Eh bien, le colonialisme ne fait partie que subsidiairement de la vie des métropoles. Les échanges sont bien sûr vifs, la dépendance aussi, souvent dans les deux sens. Mais politiquement, vus depuis l’Occident, les colonies et autres protectorats comptent peu. Avec la dictature du prolétariat, le communisme a vite fait d’éliminer les notions de contre-offre et d’option. Ainsi, pendant 50 ans, il s’entoure d’un nuage de satellites politiquement factices. Vraies innovations et résultats d’un réel processus géopolitique, les nationalismes allemand et italien rejettent également toute contre-offre, travaillant en monopartisme. Mais leur vie est trop courte pour jeter les bases d’une alternative fiable, et leur parcours les sort de l’histoire. Enfin, le trajet du sionisme est aussi national, et en même temps diffus et répandu. Et à vrai dire, son but ne se décline pas en termes de choix de concepts. Ainsi, de toutes ces formules plus ou moins récentes, une seul émerge, compte et se maintient : la toujours bonne vieille politique bivalente gauche-droite.

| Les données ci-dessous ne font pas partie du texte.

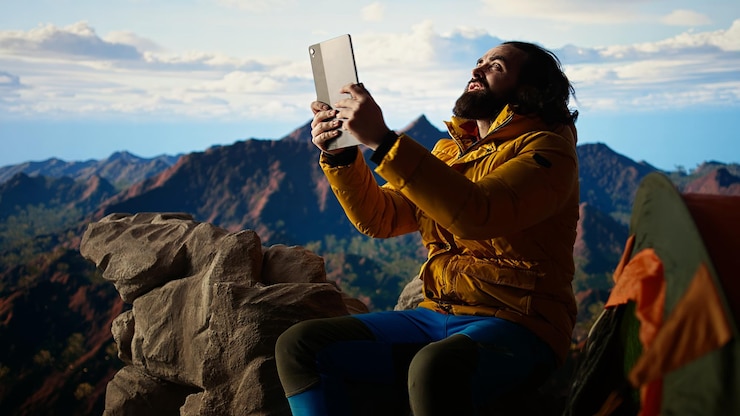 Photo gratuit un campeur luttant contre le vent fort alors qu'il utilise une tablette sur un camping en haute altitude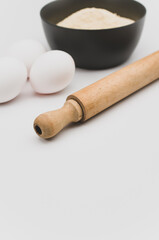 dark gray stoneware bowl with flour wooden rolling pin and white eggs on a white tabletop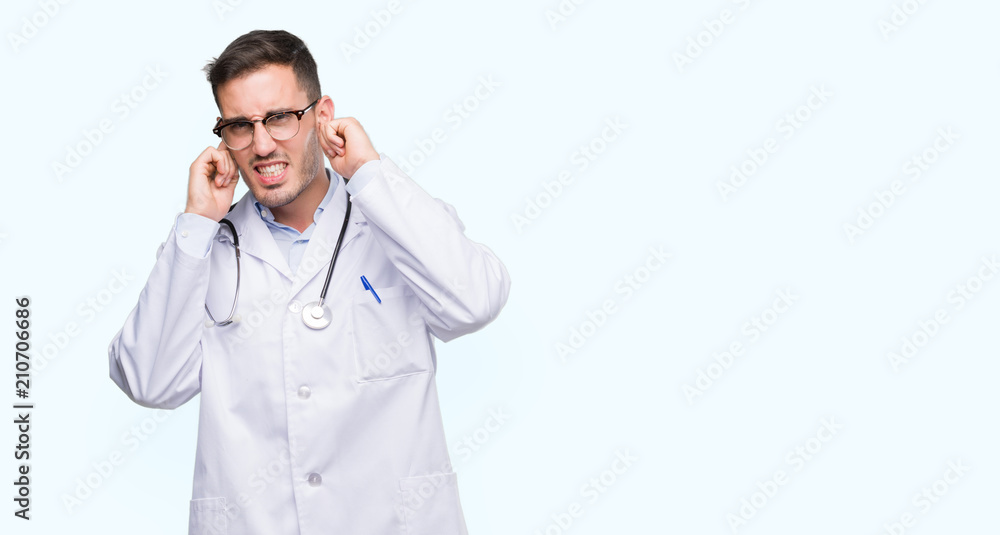 Handsome young doctor man covering ears with fingers with annoyed expression for the noise of loud music. Deaf concept. Handsome young doctor man covering ears with fingers with annoyed expression for the noise of loud music. Deaf concept.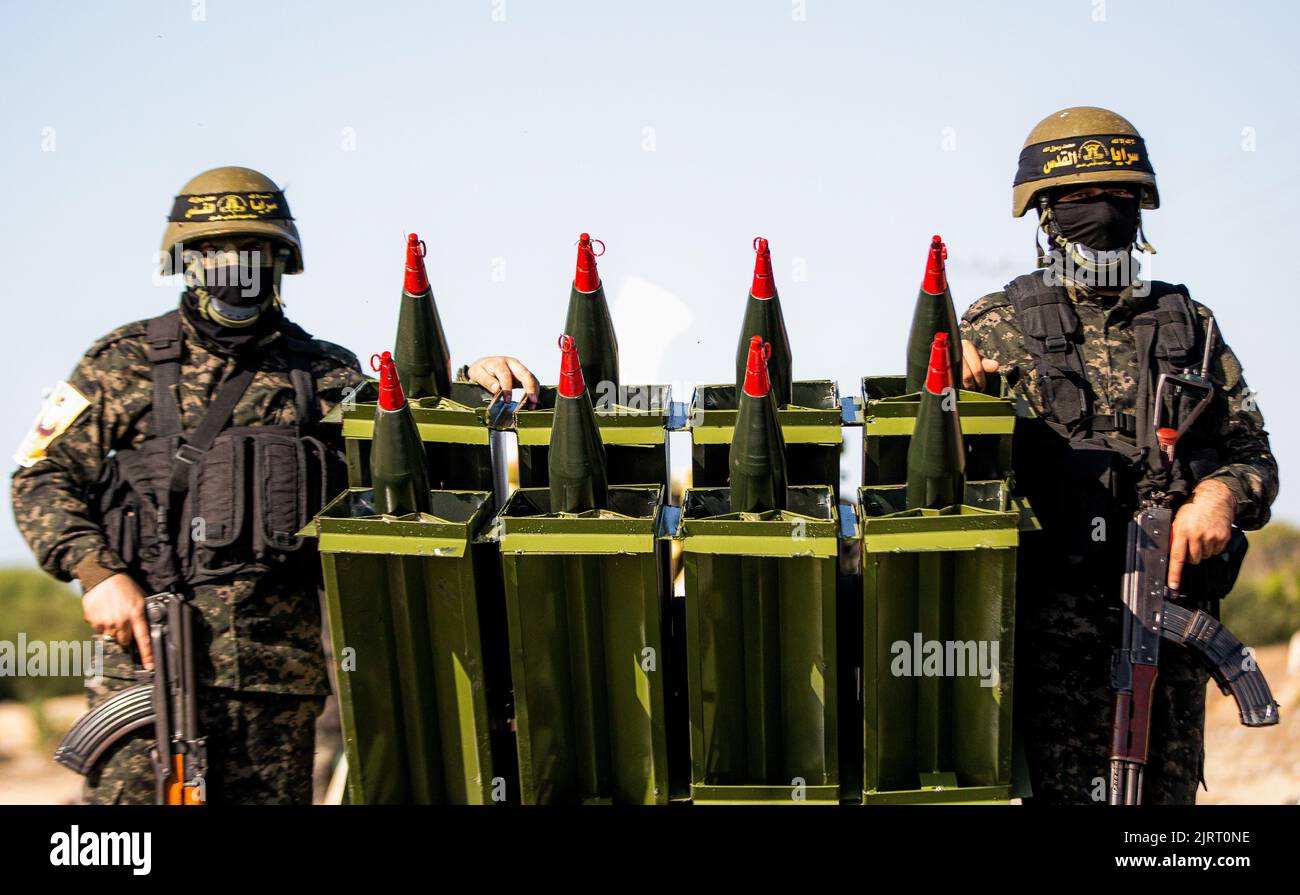 Rafah, Gaza Strip, Palestine. 24th Aug, 2022. Gaza Strip, Palestine. August 24, 2022. Fighters of the Al-Quds Brigades, the military wing of Islamic Jihad, hold a military parade in Rafah, in the southern Gaza Strip. A ceasefire between Israel and Islamic Jihad brokered by Egypt ended on 7th August, after three days of Israeli airstrikes on the Gaza Strip against the Islamic Jihad group, who retaliated by firing rockets into Israel (Credit Image: © Yousef Mohammed/IMAGESLIVE via ZUMA Press Wire) Stock Photo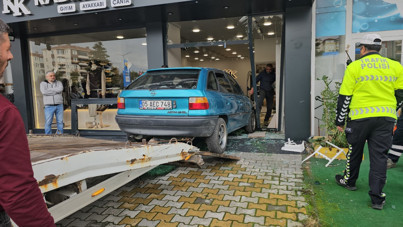 Mağazaya giren otomobilin ardından kavga çıktı. Baba ve kızı yaralandı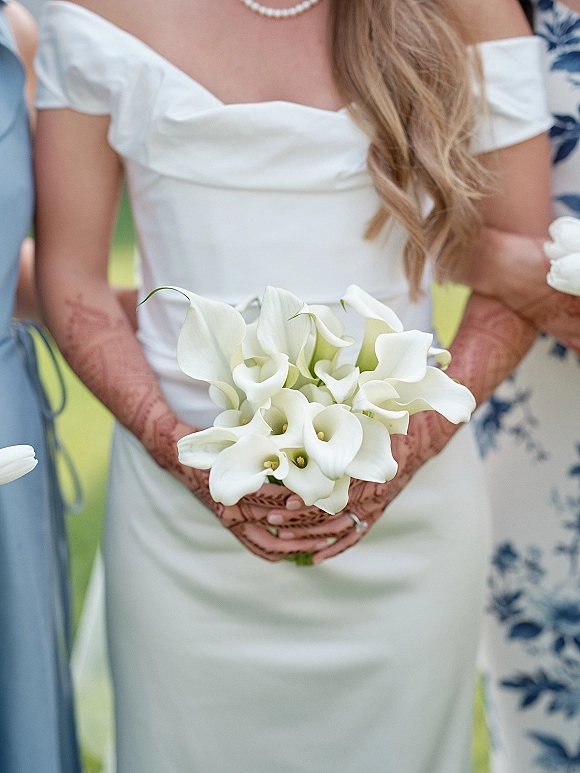 Bridal bouquet of white calla lilies cradled in a bride’s hennaed hands with a wedding ring, greenery and bridesmaids in blue behind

Pendant et au sortir de la Seconde Guerre mondiale, à l’exclusion des dictatures (le communisme, le fascisme, le nazisme, le franquisme, le maoïsme, le pétainisme, le salazarisme, le stalinisme, le titisme), cette vieille politique glisse sur les mêmes rails qui l’ont toujours guidée. D’un côté, une gauche à présent dogmatiquement affermie par la grande crise et par l’appui sino-soviétique. De l’autre, une droite en partie affaiblie par le conflit qui vient de s’achever, accusant les coups portés par l’occupant, mais soutenue par l’Amérique dans ce qui sera bientôt la guerre froide. Donc, concrètement et à l’inverse de l’économique et du social, le politique rate les enseignements de cette terrible épreuve et amorce maladroitement le virage décisif de l’après-guerre. Les effets de cette inertie singulière ne tardent pas à se manifester, mais c’est avec le temps et les événements qu’ils se renforcent et marquent de leur empreinte le final de l’ère industrielle.

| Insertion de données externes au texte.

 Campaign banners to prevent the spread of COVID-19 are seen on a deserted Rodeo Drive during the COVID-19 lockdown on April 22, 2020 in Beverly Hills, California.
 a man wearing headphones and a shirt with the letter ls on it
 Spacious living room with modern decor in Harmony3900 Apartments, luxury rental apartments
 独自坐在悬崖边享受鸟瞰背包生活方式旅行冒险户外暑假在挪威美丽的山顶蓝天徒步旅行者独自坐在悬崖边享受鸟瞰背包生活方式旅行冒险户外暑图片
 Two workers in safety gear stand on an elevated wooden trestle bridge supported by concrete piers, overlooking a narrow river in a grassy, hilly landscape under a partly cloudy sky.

Si elle continue d’être élaborée avant tout à droite et à gauche, la politique de la 3e période ne bouillonne plus à droite dans les clubs et les salons, et encore moins à gauche dans les ateliers et les cantines. Preuve, si besoin il en était encore, la désormais fameuse 3e voie du Premier ministre britannique, reprise par d’autres dirigeants socialistes, comme tentative d’enrayer l’enlisement de la gauche en lui donnant une direction médiane. Pourtant, les partis centristes existent depuis toujours… En revanche, elle vibre au rythme des festivals en plein air ; est secouée lors de chaque arrivée d’immigrés clandestins ; mobilise la rue pour les G7 ; s’expose dans les parades canines ; hurle à chaque nouveau carnage dans une école ; explose après Seveso, Amoco Cadiz, Bhopal, Tchernobyl ; s’anime pour les débats télévisés sur l’euthanasie ; crie contre la guerre ; s’épand sur les sites de tchatche ; se scande durant les rallyes de Cox, Deuches et autres Harleys. Avec le temps, l’instruction et l’information, et à travers les changements qui ont eu lieu dans la vie de tous les jours, la politique devient réellement l’affaire de tout le monde. Pas à pas, elle entre dans les chaumières et se prépare dans la cuisine, les salles de gym et devant la télé. Ceci, droite et gauche ne semblent pas encore le comprendre, ou l’admettre, ou l’assimiler – elles qui persistent à privilégier des préceptes chers aux patriarches du capitalisme-impérialiste et du marxisme-léninisme.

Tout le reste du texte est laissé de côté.